Oil demand will grow and supply from nonmembers of the Organization of Petroleum Exporting Countries (Opec) is due to contract, Opec Secretary-General Abdalla Salem El-Badri said, hoping to see a more balanced market in 2016.
The oil industry’s “best days are yet to come,” as demand will grow to 110 million barrels a day by 2040, El-Badri said at a conference in Kuwait City on Sunday. The gap in crude-oil supply and demand is due to close in the third quarter of 2016, Mohammad Ghazi Al-Mutairi, chief executive officer of state-run Kuwait National Petroleum Co., said at the same event.

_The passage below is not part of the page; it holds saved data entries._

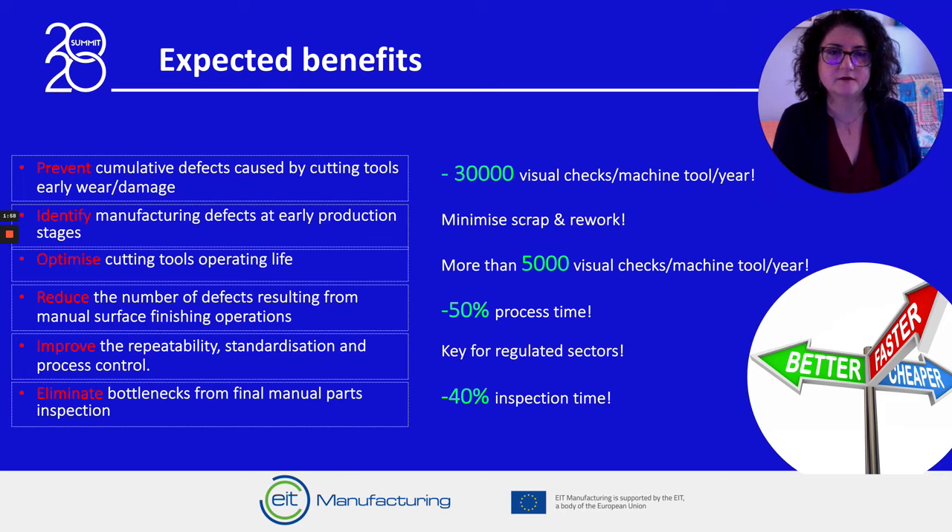And the elimination of bottlenecks from final manual parts inspection, by eliminating positive defective parts from the inspection flow. Because of the stringent requirements in terms of quality, traceability and process control that apply to the regulated aero engine sector, these results may easily transfer to other industrial sectors, like aero structures and space, medical or high precision machining.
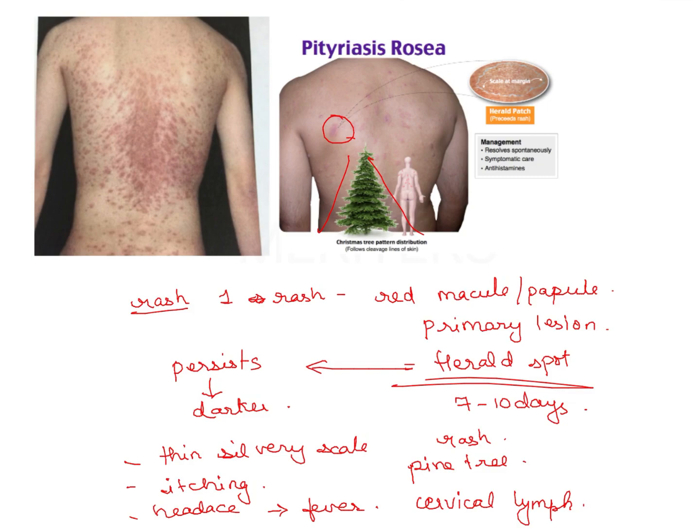Intraoral involvement with mucous membrane is also seen simultaneously with the skin lesions. They are not usually seen on the buccal mucosa but they may be seen — there is some questionable data on this. They appear as erythematous macules with or without a central area of desquamation, usually around 1-2 cm in the larger diameter. That is the oral manifestation of pityriasis rosea.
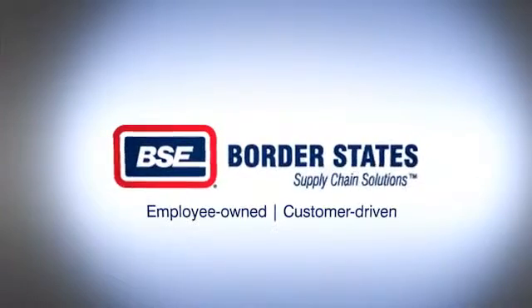Thank you. Employee-owned, customer-driven. Border States.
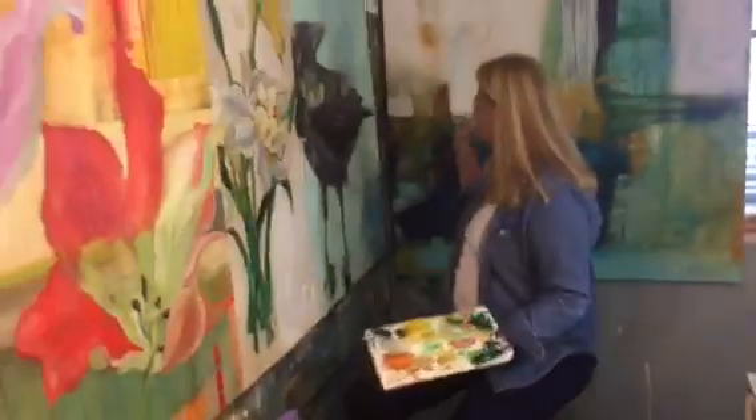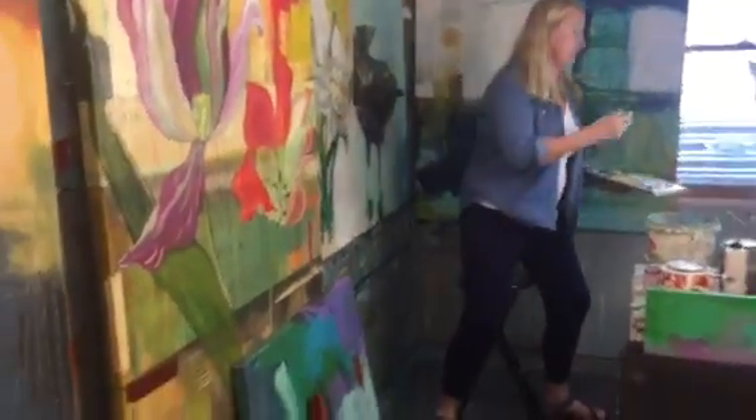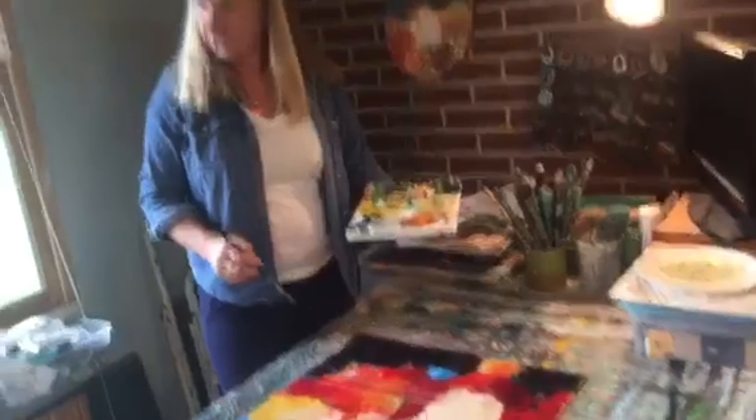I've got a few pieces that are all in the works, and I have one over here that's on paper. It's more in the red family. It's coming together, so we'll see what happens when I finish.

“At Opec, we are hopeful that the industry will see a more balanced oil market in 2016,” El-Badri said. “We have recently seen a contraction in production from some non-Opec producers and an uptick in demand growth.”
Brent crude, a global pricing benchmark, slipped 7.5 percent this year and tumbled 40 percent in the last 12 months. The contract added 0.7 percent to $53.02 a barrel on the London- based ICE Futures Europe exchange at 12:09 p.m. Singapore time. The Opec, led by Saudi Arabia and other Gulf Arab producers, have kept the group’s production target unchanged to maintain market share, amid growing output from non-Opec producers. Opec and non-Opec officials are to meet at an expert level in Vienna later this month to discuss the market.
Opec’s decision to keep its output target at 30 million barrels a day is the “ideal solution” to rebalance the market and support prices, Kuwait Oil Minister Ali Al-Omair said at the conference.
The market remains oversupplied and stocks are above their five-year average, El-Badri said. World crude output is at 75 million barrels a day and other liquids add about 18 million barrels a day to global supply, he said.
It will take time for oil supply and demand to rebalance, BP Plc. Chief Executive Officer Bob Dudley said at the conference. Global demand for energy will grow by a third over the next two decades, he said.